Start of SUPPLIED RECORDS

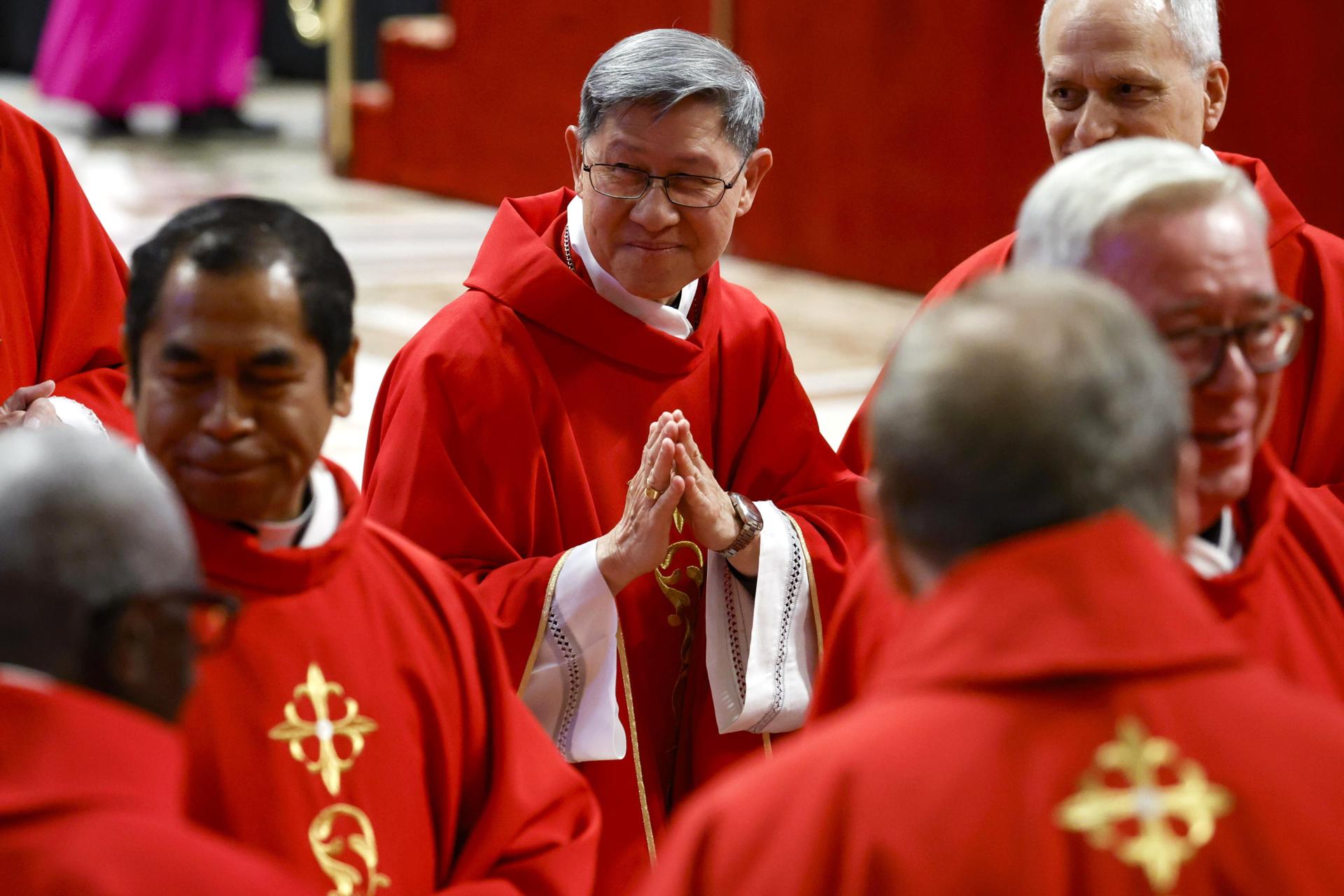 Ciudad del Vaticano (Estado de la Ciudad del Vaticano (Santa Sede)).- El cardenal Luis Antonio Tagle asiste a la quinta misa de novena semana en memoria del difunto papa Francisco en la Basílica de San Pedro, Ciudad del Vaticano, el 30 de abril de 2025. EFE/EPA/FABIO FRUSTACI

End of SUPPLIED RECORDS
Start of SUPPLIED RECORDS

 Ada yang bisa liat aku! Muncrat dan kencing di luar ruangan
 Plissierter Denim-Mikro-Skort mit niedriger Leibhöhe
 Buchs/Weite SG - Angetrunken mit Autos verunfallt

End of SUPPLIED RECORDS
Start of SUPPLIED RECORDS

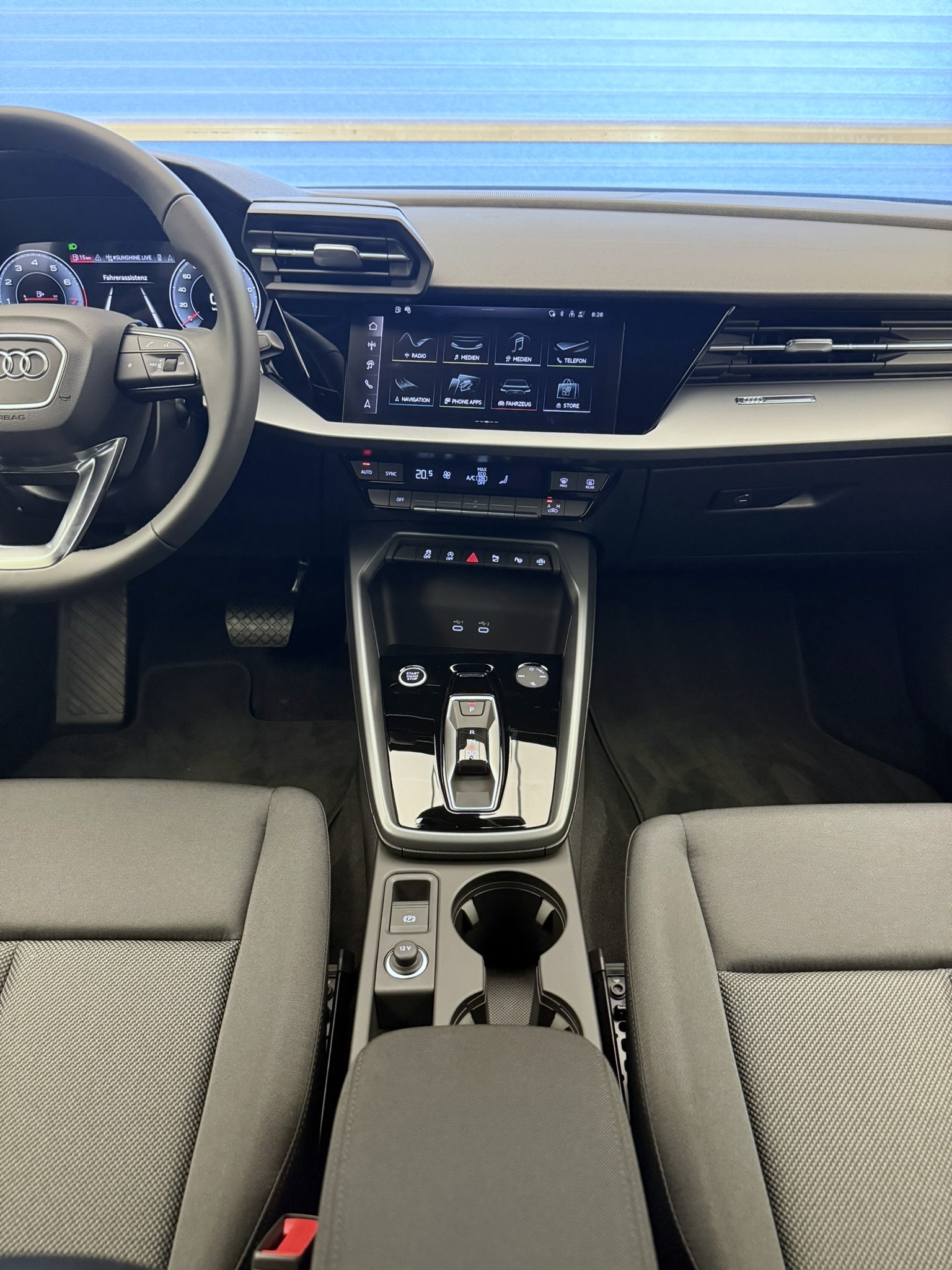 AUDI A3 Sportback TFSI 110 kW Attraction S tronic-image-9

End of SUPPLIED RECORDS

▶ REQUIREMENT: Look above for the line holding "Ada yang bisa", then set down exactly that line and every line after it up to and including the line holding "Buchs/Weite SG - Angetrunken", with nothing else.

▶ EXERCISE RESULT:
 Ada yang bisa liat aku! Muncrat dan kencing di luar ruangan
 Plissierter Denim-Mikro-Skort mit niedriger Leibhöhe
 Buchs/Weite SG - Angetrunken mit Autos verunfallt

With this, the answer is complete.